Optimzation, Instancing, and supporting older GPUs.

While I’ve worked on video games professionally for about ten years, this type of game is not quite like software I’ve previously written. The major difference is in the number of objects that are dynamic. Of the ones I’ve worked on, they tend to have a large portion of the environment built of large static parts that don’t ever change. This is typical in FPS games. There tend to be something like ten or twenty enemies at once and that’s about it.

In Banished, there are thousands of objects that can change. Trees, rocks, people, wildlife, and more. Each is running a simulation and each attempts to do so very quickly. For the most part I’ve succeded in keeping these simulations fast or spread out over time.

The biggest performance issue that I’ve run into is the shear number of objects that need to be animated and rendered. Anything that can be seen needs to be drawn once to create shadow buffers, and then once for being shown on screen. When you zoom away far enough to see the whole map, around 8,000 objects are usually visible. Under DirectX 9, making 16,000 draw calls to draw all the trees, buildings, and rocks simply doesn’t work. The frame rate is terrible, even on a really fast computer.

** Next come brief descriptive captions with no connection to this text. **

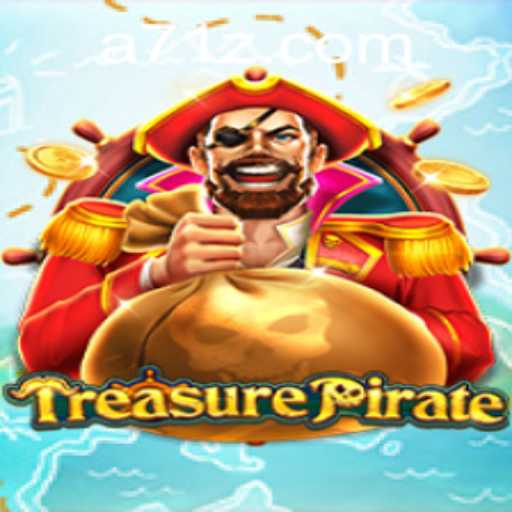 TreasurePirate: Set Sail for Adventure With 71z PH Login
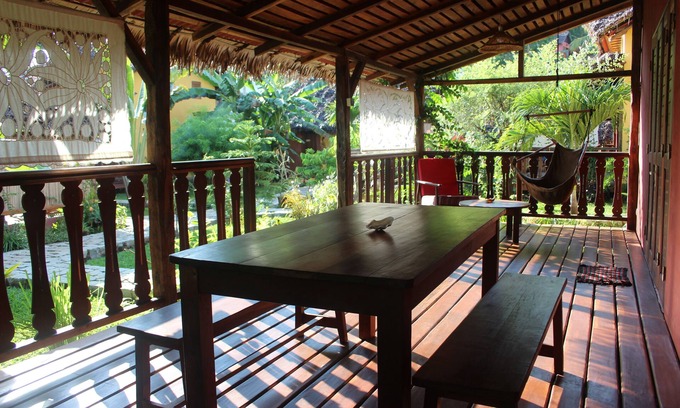 Madirokely Apartamento | Hôtel Ambalamanga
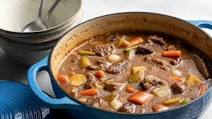 Easy Beef Stew Recipe Easy Beef Stew Recipe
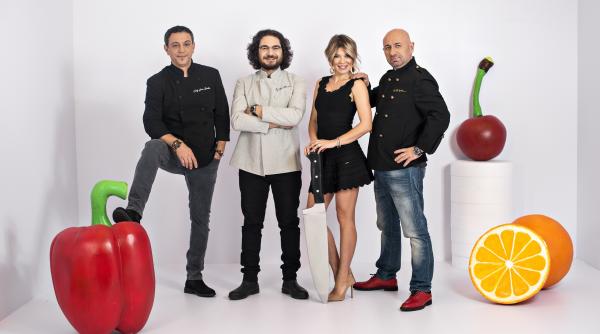 au inceput inscrierile pentru cel de al saselea sezon chefi la cutite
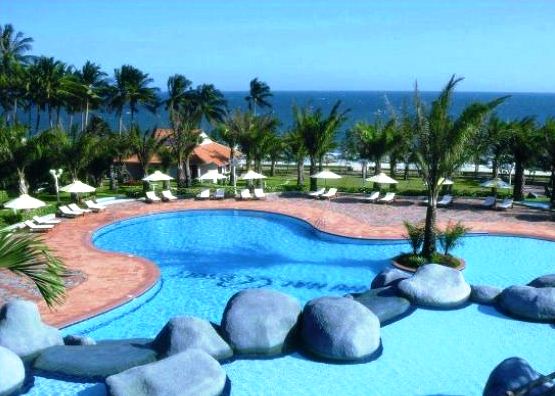 Phu Hai Resort 4*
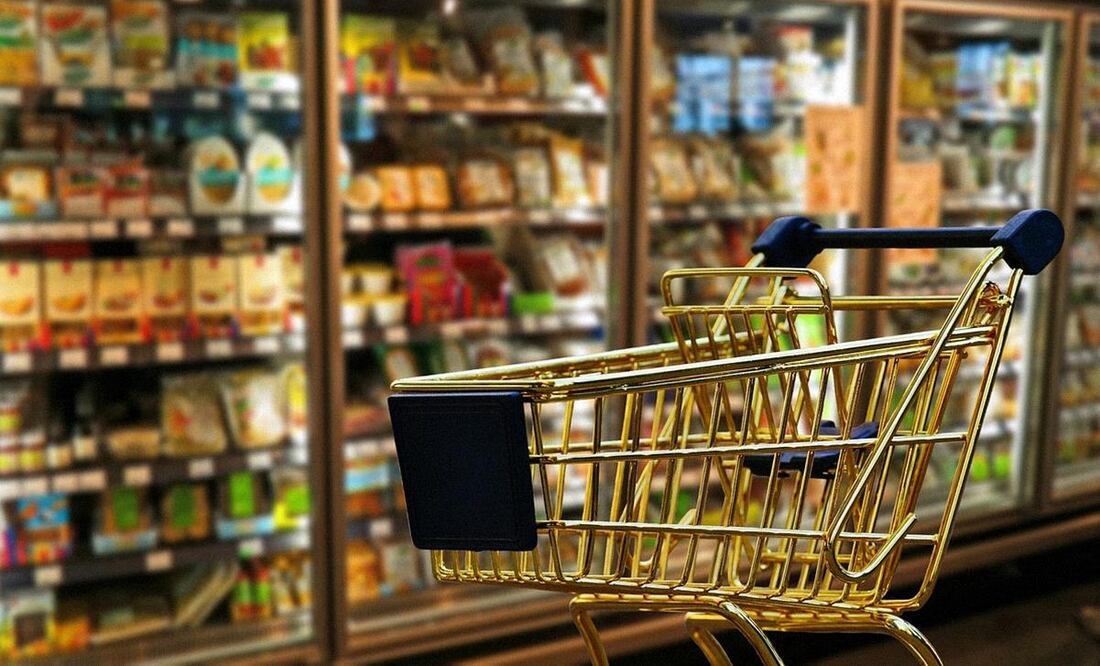 Comparar precios de distintos establecimientos puede ayudarte a gastar menos. (Foto: Pixabay)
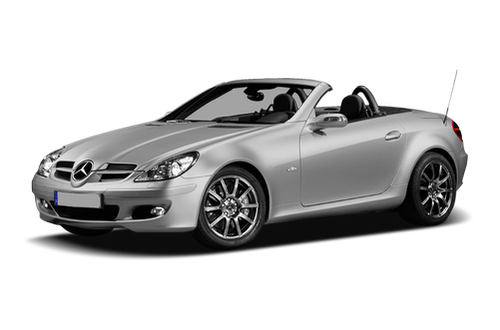 download MERCEDES BENZ SLK Class SLK280 SLK350 SLK55 AMG workshop manual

The fix for this is to draw multiple objects at once in a single draw call. After all, there are many similar trees and buildings, they just have different scale, position, and orientation. DirectX 10 and 11 has great support for doing this type of operation, and DirectX 9 has support for it if using Shader Model 3.

While DX10/11 video cards certainly have wide support, there’s still quite a few XP users and older video cards that require DX9. Because I want a wide audience to be able to play the game I’ve been sticking to DX9 and shader model 2.0. It does (mostly) all the graphics operations I want and need. Unfortunately this limits me to implementing the instancing using shader constants, in a manner similar to rendering a bone-animated-skinned model. This limits the renderer to drawing fifty-two objects in a single call, but it’s still a big win for CPU performance.

I had adding instancing support a while back for objects that didn’t deform, like trees, rocks and buildings. With the newly added animated livestock and wild animals, I spent part of the weekend adding instancing for animated and deforming models. The speed ups in frame rate are fantastic when drawing hundreds of chickens, people, or wildlife. In the worst case the rendering system makes about 400 draw calls instead of 16,000. Animations that are common can now be shared between different objects as well, which is another big speed up for the CPU, since every animating object no longer has to update a unique hierarchy of bones.

The near future should find me putting together hunters and the animals they’re after as well as implementing orchards.